There has been an exponential growth of data-rate demand for modern wireless communications over the past decades, driven by the rapid growth of mobile devices. This trend continues with the beyond-5G and 6G wireless systems that will leverage mmWave and sub-THz spectrum with large available bandwidth and the resulting proportionate increase in channel capacity. These new spectra will serve as the backbone for next-generation of wireless networks allowing high-speed and low-latency connectivity to enable emerging wireless applications such as immersive extended reality (XR). To support the ever-evolving wireless services and applications, stringent system requirements are therefore imposed on the hardware design. Silicon-based integrated electronics are one of the most powerful, reliable, and cost-effective platforms for building complex systems. However, operating at high mmWave/sub-THz has been pushing the silicon-based device to its limits, which necessitates technological innovations in devices, circuits, antennas, packaging, and many other relevant areas.

In this talk, I will present my exploration to address the fundamental challenges faced by silicon circuits at mmWave/THz frequencies, and more importantly, to pioneer an interdisciplinary design methodology that breaks boundaries between circuits and other disciplines, opening up new design spaces in wireless hardware. First, I will delve into the design of mmWave power amplifiers and other building blocks in transmitter systems that govern both system energy efficiency and spectral efficiency. I will present two design examples on how to overcome silicon device limitations by circuit architecture/topology innovations. Next, I will present several mmWave circuits and systems by fusing complex electronics with antennas and signal processing. In particular, novel multi-feed antennas and their co-integration with electronics can actively synthesize desired radiation characteristics with unprecedented on-antenna functionalities and reconfigurability far beyond electronics-only designs, including high-efficiency power combining, impedance scaling, active load modulation, noise cancellation, and gain boosting. In the end, I will conclude the talk by looking into future challenges and opportunities enabled by these co-design innovations in circuits, electromagnetics, and packaging.
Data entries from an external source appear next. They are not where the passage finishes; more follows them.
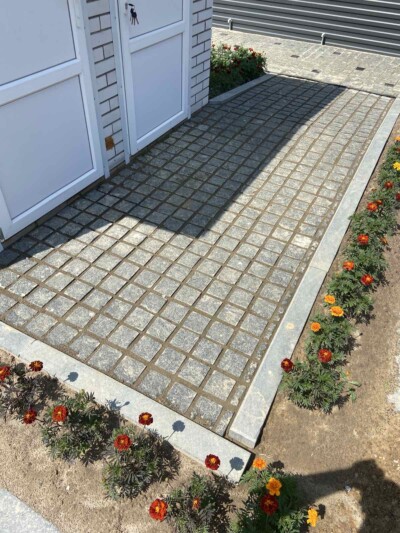 Sawn-split paving stone from gabbro 15x15x5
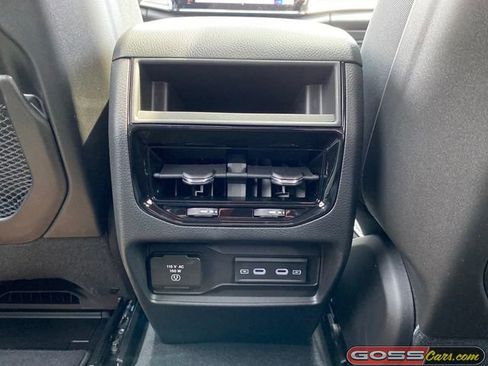 New 2026 Jeep Grand Cherokee Altitude AWD/4WD image 22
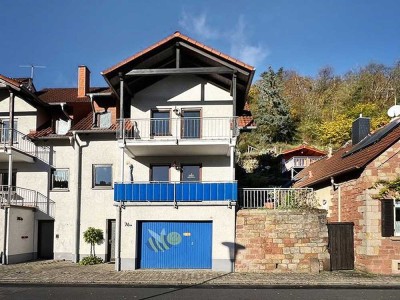 Preis reduziert ! Großzügiges Anwesen mit herrlichem Blick über die Stadt !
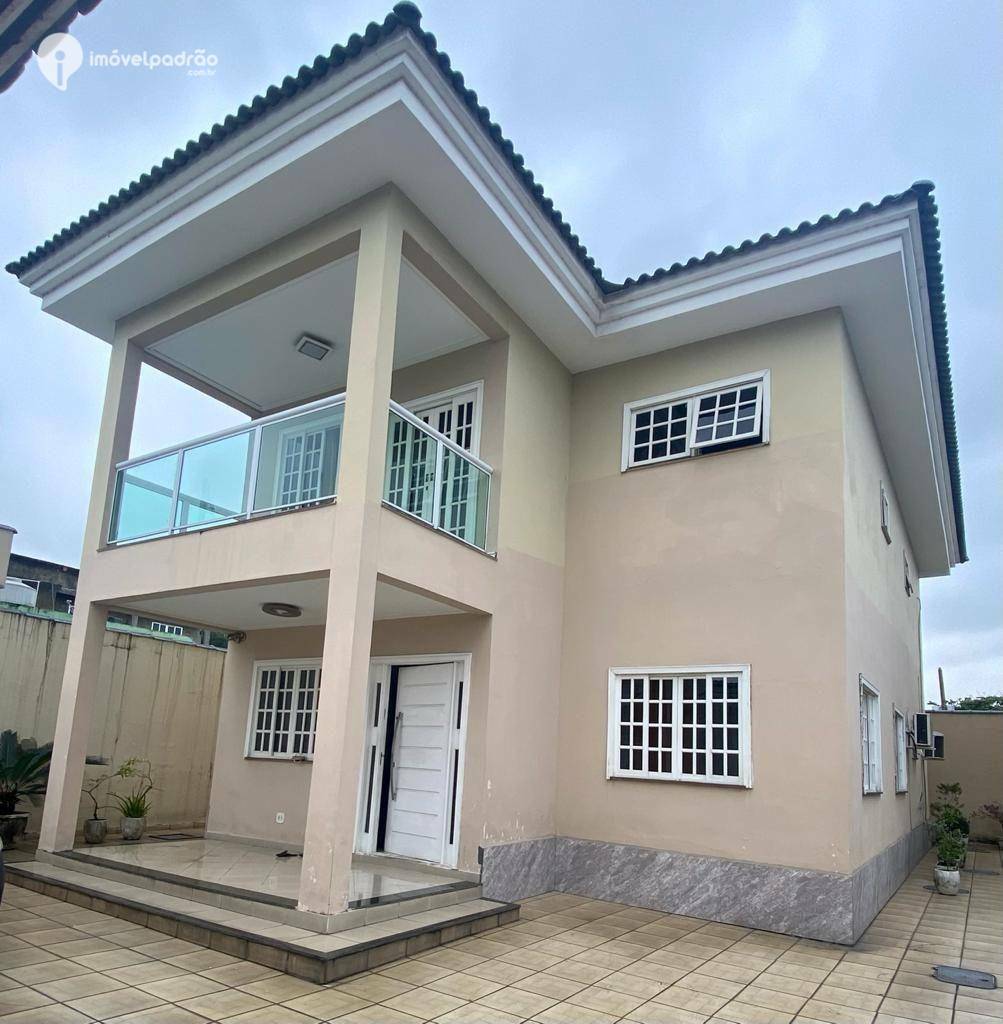 Casa à venda com 4 quartos, 360m² - Foto 4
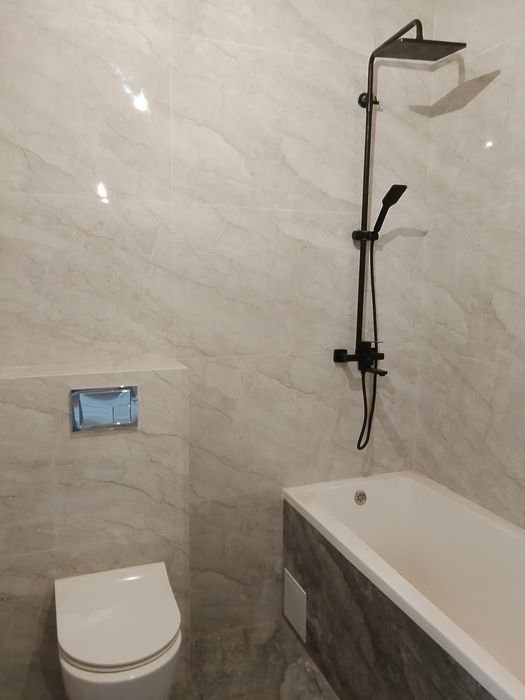 Кафельщик. Уклад плитки кафеля  керамогранит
Sensen Li is a research engineer at Samsung Research America, leading the RFIC R&D effort for the development of next-generation wireless communication systems. He received his B.Eng. with highest honors and B.A. from Zhejiang University, Zhejiang, China, in 2013, and the Ph.D. degree from the Georgia Institute of Technology, Atlanta, GA, USA, in 2020. His research interests include RF, mmWave, and THz integrated antenna, circuit, and system designs for wireless communication and sensing applications.

Dr. Li was a recipient of the IEEE Microwave Theory and Techniques Society (MTT-S) Graduate Fellowship in 2019, the Best Student Paper Award at the 2018 IEEE Radio Frequency Integrated Circuits Symposium (RFIC), the IEEE Antennas and Propagation Society (AP-S) Doctoral Research Grant in 2018, and the Analog Devices, Inc. Outstanding Student Designer Award in 2018. He was also a co-recipient of multiple best paper awards, including the IEEE Radio Frequency Integrated Circuits Symposium (RFIC) Best Student Paper Award in 2021, the IEEE International Microwave Symposium (IMS) Best Student Paper Award in 2021, and the IEEE Custom Integrated Circuits Conference (CICC) Best Paper Award in 2019.